Existem muitos momentos que não podemos controlar, existem muitos momentos que não podemos decidir. Existem, também, momentos em que apenas podemos gerir os danos que nos são causados directa ou indirectamente, conscientes ou inconscientes. Momentos em que precisamos de reforçar as nossas energias, o nosso bem estar e reencontrar-nos novamente num mundo que está sem luz e calor. Nesses tempos existe a noção que queremos desistir, que necessitamos parar a realidade e parar tudo o que nos rodeia. São momentos - passados - num mundo frio e escuro.
Nos meus 18 anos parti para um local novo, uma realidade nova, muito diferente da minha típica vida num meio pequeno e ultra conservador. Foi nessa época que consegui, de alguma forma, começar a explorar diversas questões pessoais que se interpunham na minha forma de ver o mundo. Algumas delas relacionadas com o meu género, outras com a minha sexualidade e outras com a minha orientação relacional. Foi num impulso de descoberta da minha orientação sexual que consegui pela primeira vez dizer que me tinha apaixonado, porém foi pouco depois que entendi que já me tinha apaixonado antes, mas de uma forma diferente. Gostava de um amigo, bastante. Gostava da relação que eu tinha com ele e da amizade que mantinha com a sua companheira. Para mim era um amor platónico que existia e, confesso, ainda hoje me toca. Era uma relação que me fazia feliz, na medida da sua existência. Foi o meu primeiro contacto com um formato de relação não convencional. Percebi que gostar e amar não têm de ter regras, mas sim sentires e permissão intra pessoal para o fazer.
Foi parte dos meus anos seguintes desconstruir estas ideias, mas sentia alguma culpa pela forma como via o amor e as relações, sentia que o meu amor poderia valer menos, valer nada ou tão pouco, não existir. Sempre me mantive em relações mono normativas, mas há 4 ou 5 anos achei a palavra poliamor. Identifiquei-me à primeira, finalmente algo que se aproximava ao que sentia. Continuei isolada, não consegui conhecer ninguém com essa experiência. Permitia-me sentir a felicidade das relações das pessoas que me acompanhavam, mas estava encurralada na minha própria forma de sentir… menor.
Depois de um coming out enquanto pessoa pansexual, poliamorosa e depois como rapariga trans não binária, as complicações intensificam-se.

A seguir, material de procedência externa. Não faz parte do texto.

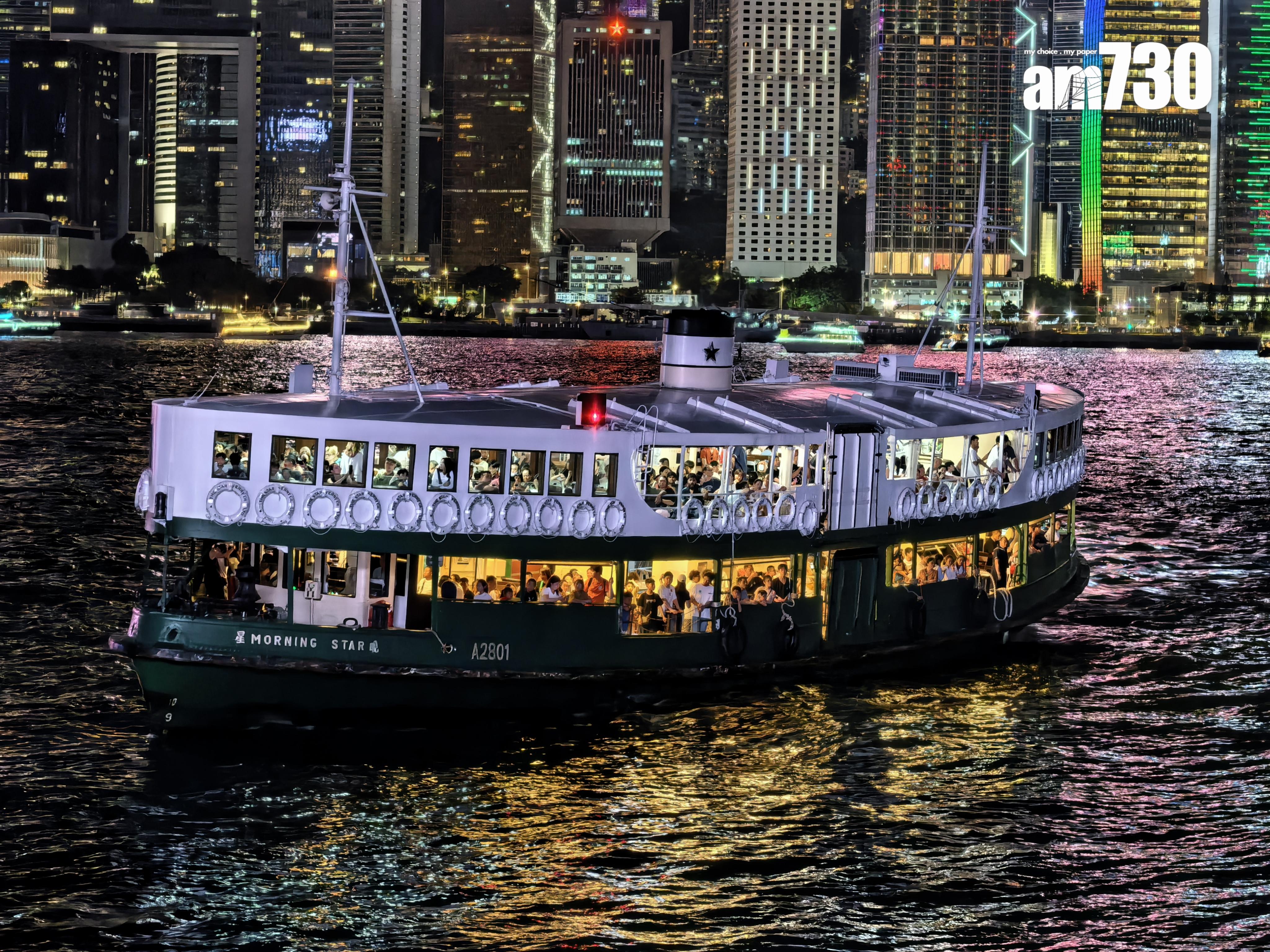 HUAWEI Pura 80 Pro夜景試相。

Sempre senti a invalidação da minha sexualidade, senti um amor considerado vazio e sem compromisso, uma identidade inválida e inexistente e a somar, sofrer de um problema de saúde bastante estigmatizado.
Porém, neste Verão aprendi que apaixonar-me num período de crise de saúde não é saudável - mas claro, não posso controlar estes momentos. Não me permitiu fazer uma gestão adequada do que sentia e da forma como o transpunha para uma realidade externa a mim. Querendo minimizar os danos, querendo não sentir o meu amor por quem já amo menor acabei a esgotar-me na minha própria crise e no meu próprio envolvimento. Fiquei sem forças na primeira vez que assumi abertamente que tinha uma segunda paixão.
Sermos gostados pelo que somos é maravilhoso, mas também é destrutivo quando sentimos deixar de o ser - ainda que seja um sentir negativo apenas nosso, interior. Sentir isso é legítimo para quem for, ninguém deve gostar ou não gostar por força, é uma dinâmica pessoal e própria. Mas estar do lado do questionamento é, muitas vezes, sinónimo de dor. No meu caso em particular, quando me vejo a recuperar de um ponto onde sentia o meu valor próximo de nulo, com tantas questões que se propagam num curto espaço de tempo… esse questionamento assume uma força bastante destrutiva que me fez regredir na minha percepção pessoal. Num misto entre crise de saúde e outros factores, sinto essa dificuldade.
É importante ter consciência da minha necessidade enquanto pessoa e daquilo que sou e para onde vou. Num primeiro contacto fui abalada por uma tristeza enorme, desfiz-me em mim e na minha própria noção de existência… em quem eu sou e o que faço. Entender que esta auto-destruição do pensamento é causada essencialmente pela nossa insegurança é um passo muito importante. Deve-se entender que a mensagem é construída entre um emissor e um receptor e o seu valor, por vezes, é diferente para ambos. É importante, também, entender que muitas vezes sentimos o que nos é mais fácil sentir, o que nos é mais próximo sentir. O auto-questionamento, a dúvida pessoal são os caminhos que percorro mais facilmente, são os caminhos que faço num momento de tensão e dificuldade.
No fim, a esperança e o progresso sempre, porque a experiência abre-nos novos mundos e novas possibilidades. Querer lutar, aprender e construir para que a cada momento um surja mundo passado quente e luminoso.